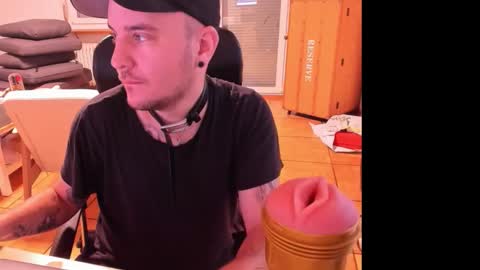 Chris online show from September 14, 2025, 5:12 pm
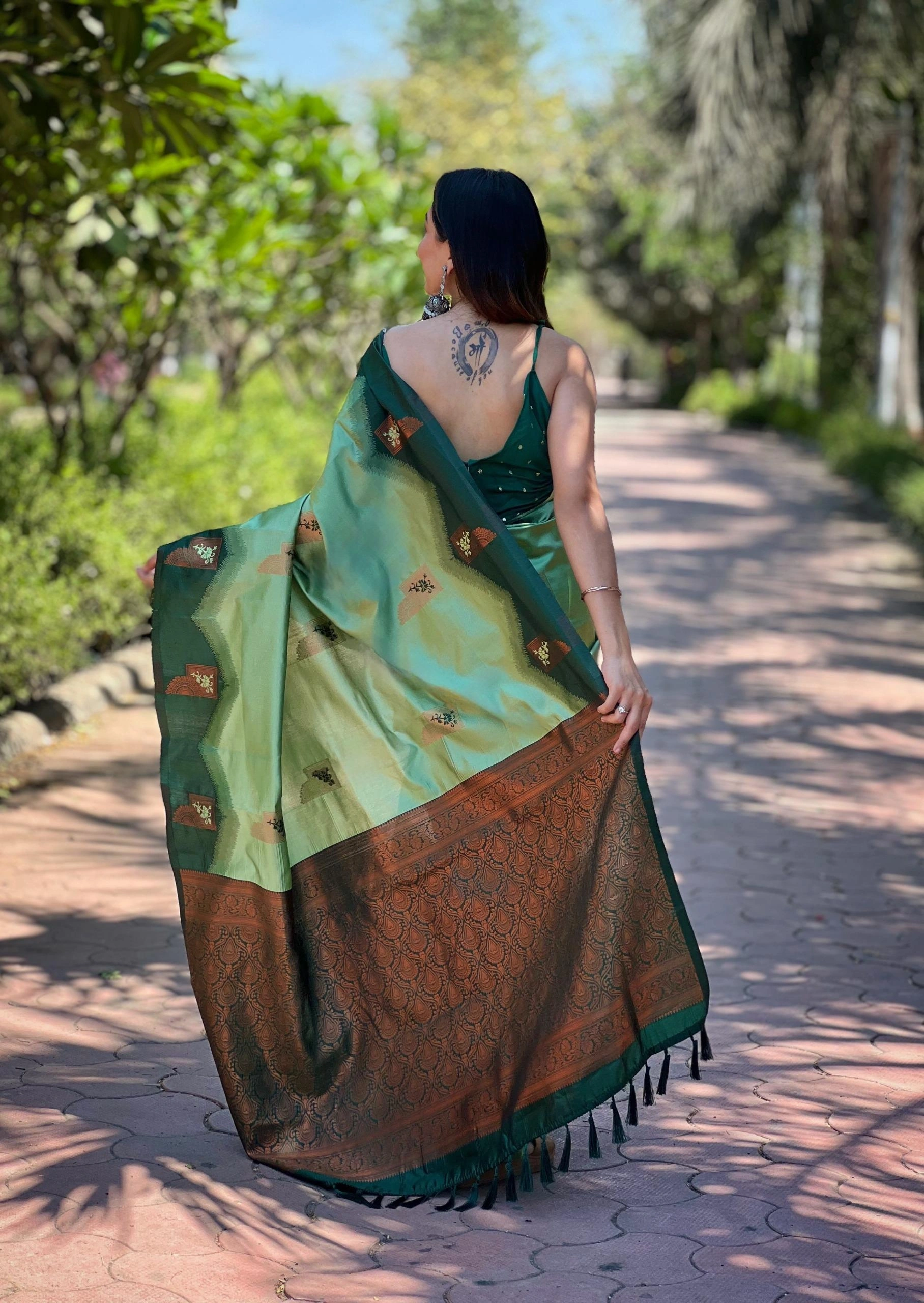 Pure Kanjivaram Silk Saree: Luxurious, Zari-Infused Banarsi Silk with Vibrant Meena Pallu-Pista-2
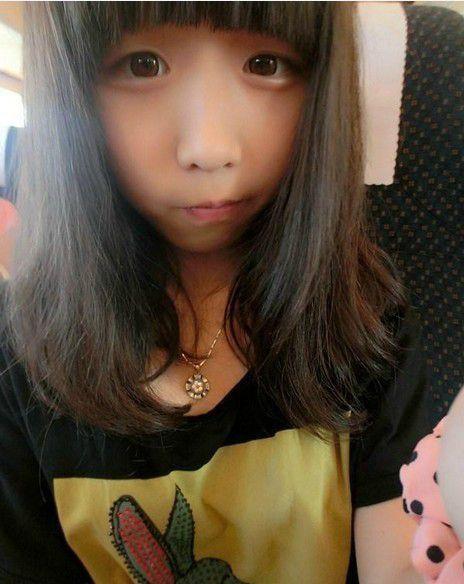 清纯可人的校园少女可爱唯美自拍图片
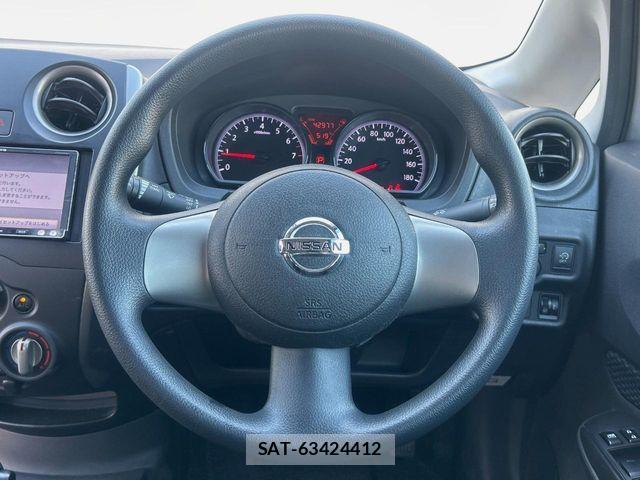 Nissan NOTE 2013-07 6910630-10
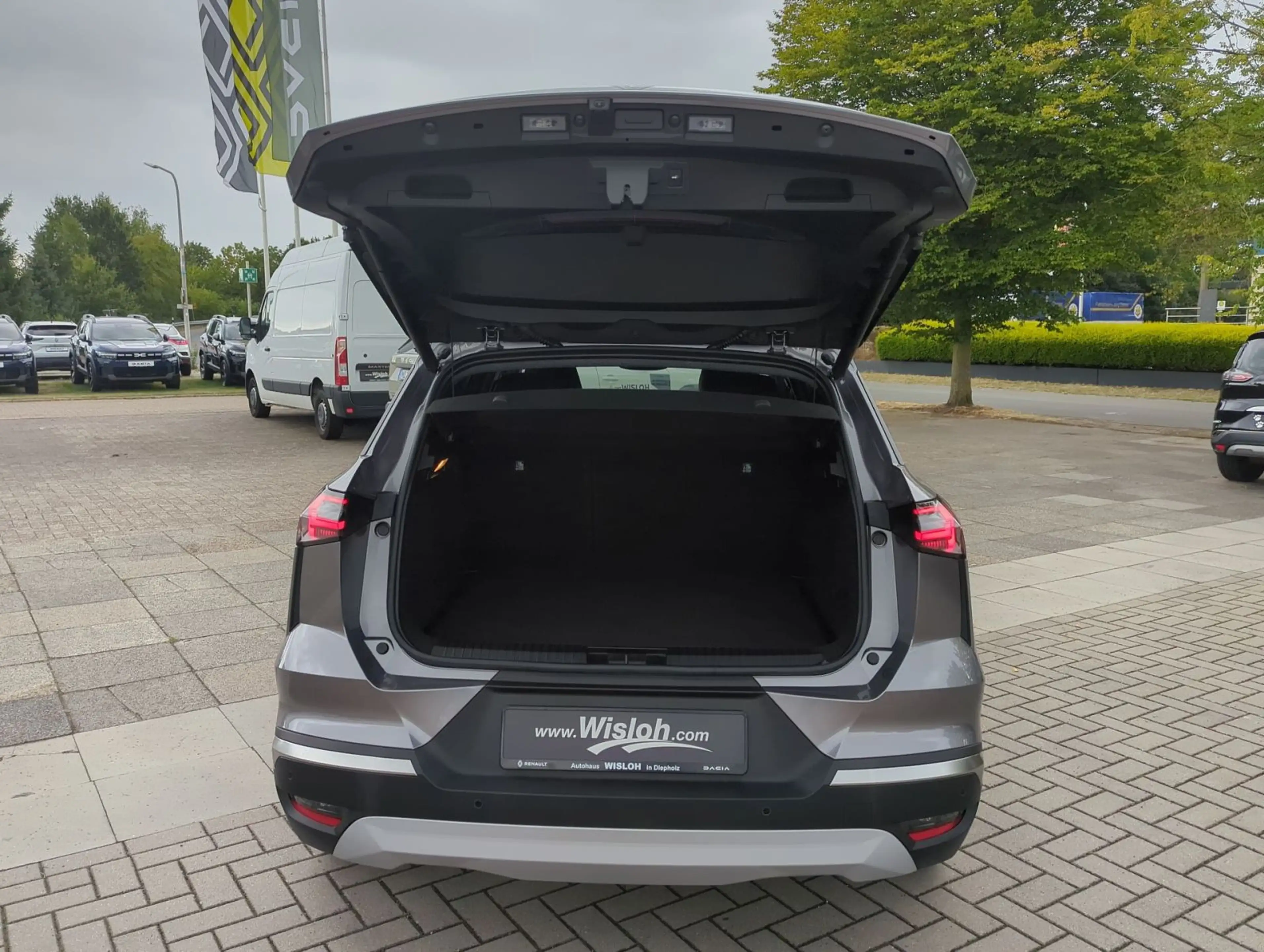 Renault Symbioz 1.8 E-TECH Full Hybrid 160 Iconic — photo 10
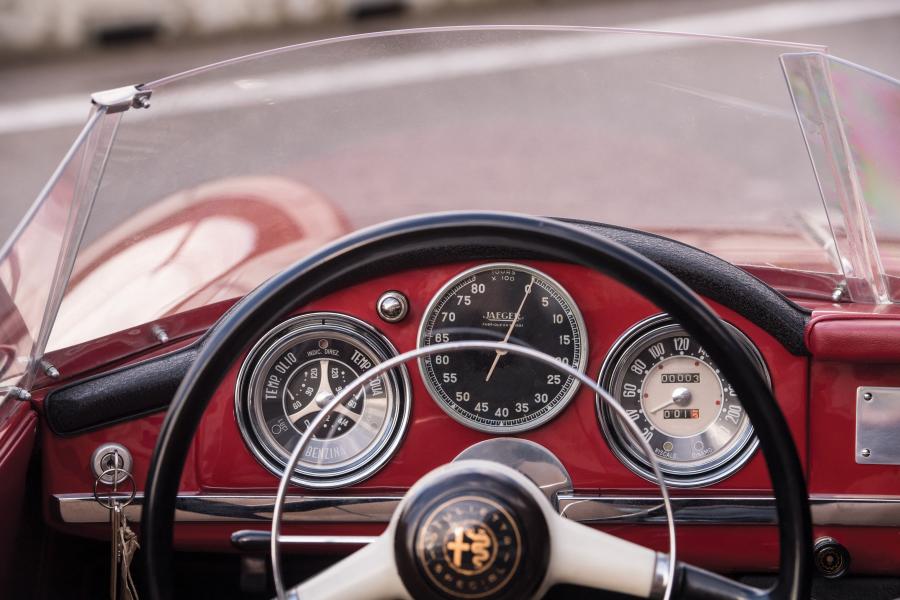 Панель приборов Alfa Romeo Giulietta Spider Veloce Competizione (750) 1956 года  (фото 33 из 38)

## GOAL OF THE EXERCISE
The first line of the entries, the line containing "Nissan NOTE 2013-07 6910630-10", and every line between them are to be output exactly; pictures are not.

## ANSWER TO THIS TASK
 Chris online show from September 14, 2025, 5:12 pm
 Pure Kanjivaram Silk Saree: Luxurious, Zari-Infused Banarsi Silk with Vibrant Meena Pallu-Pista-2
 清纯可人的校园少女可爱唯美自拍图片
 Nissan NOTE 2013-07 6910630-10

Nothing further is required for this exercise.